WHAT TO DO: Reproduce, exactly and only, the lines of the data that follows from the one containing "I heard that" down to the one containing "Before putting your", without pictures.

EXCERPTED RECORDS:

++++++

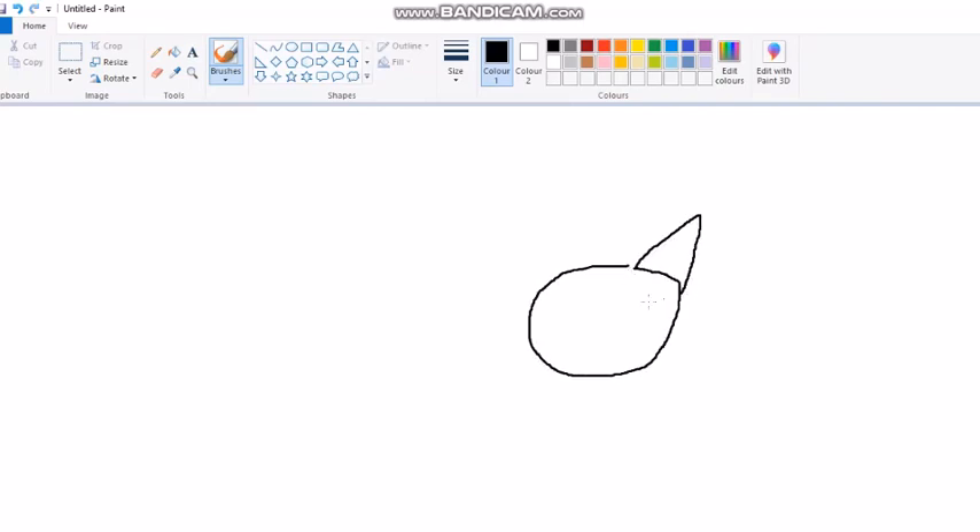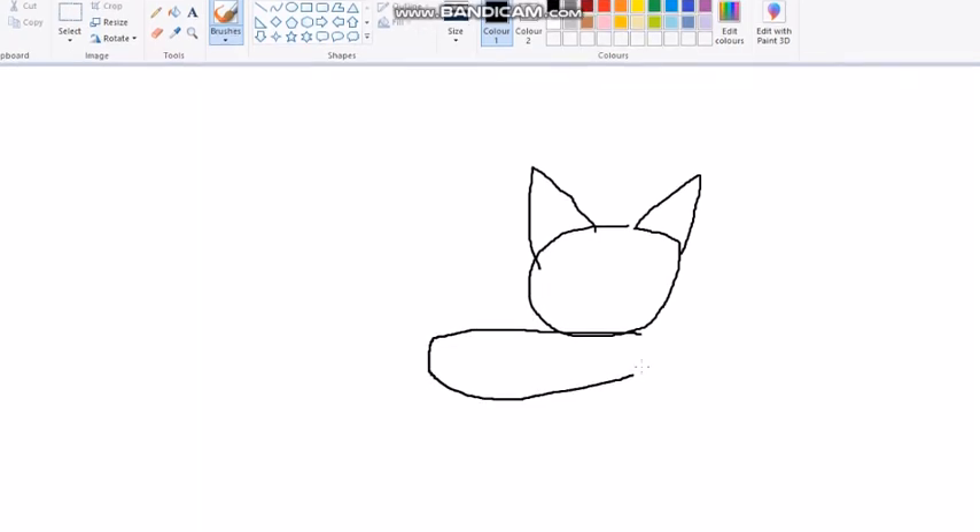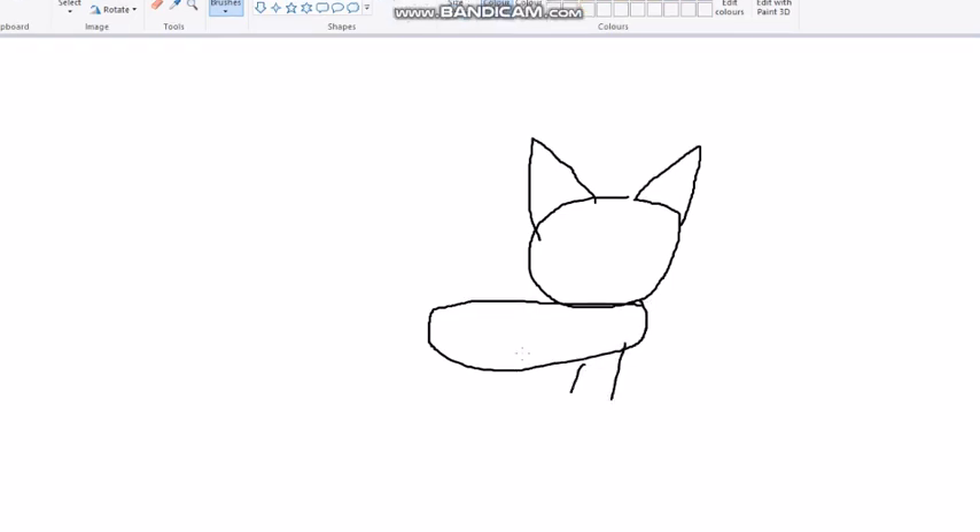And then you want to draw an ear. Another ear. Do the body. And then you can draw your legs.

++++++

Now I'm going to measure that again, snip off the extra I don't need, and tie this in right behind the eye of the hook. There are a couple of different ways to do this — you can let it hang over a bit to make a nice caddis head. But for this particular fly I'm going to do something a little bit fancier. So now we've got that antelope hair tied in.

++++++

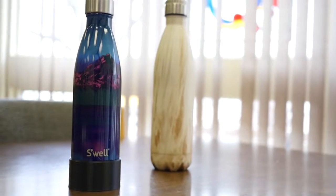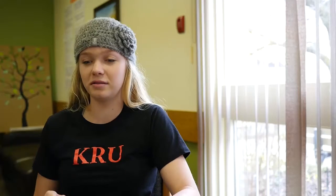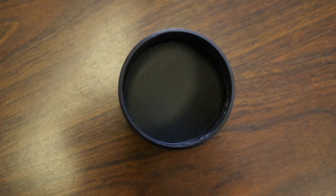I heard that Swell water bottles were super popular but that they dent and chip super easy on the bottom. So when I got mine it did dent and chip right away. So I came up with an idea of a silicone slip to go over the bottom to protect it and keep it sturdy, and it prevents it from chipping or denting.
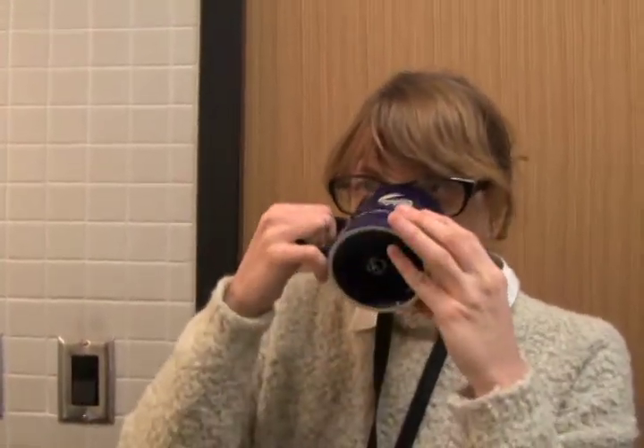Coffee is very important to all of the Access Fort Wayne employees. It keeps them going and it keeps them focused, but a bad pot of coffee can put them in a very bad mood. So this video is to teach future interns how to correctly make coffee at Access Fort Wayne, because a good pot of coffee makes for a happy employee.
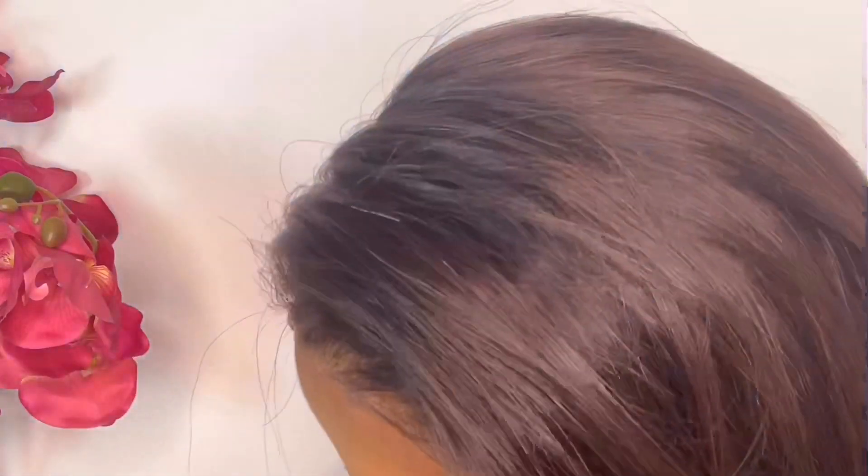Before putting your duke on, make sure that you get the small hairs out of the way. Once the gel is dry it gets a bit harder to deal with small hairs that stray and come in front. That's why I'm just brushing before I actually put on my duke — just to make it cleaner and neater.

++++++

EXPECTED OUTPUT:
I heard that Swell water bottles were super popular but that they dent and chip super easy on the bottom. So when I got mine it did dent and chip right away. So I came up with an idea of a silicone slip to go over the bottom to protect it and keep it sturdy, and it prevents it from chipping or denting.
Coffee is very important to all of the Access Fort Wayne employees. It keeps them going and it keeps them focused, but a bad pot of coffee can put them in a very bad mood. So this video is to teach future interns how to correctly make coffee at Access Fort Wayne, because a good pot of coffee makes for a happy employee.
Before putting your duke on, make sure that you get the small hairs out of the way. Once the gel is dry it gets a bit harder to deal with small hairs that stray and come in front. That's why I'm just brushing before I actually put on my duke — just to make it cleaner and neater.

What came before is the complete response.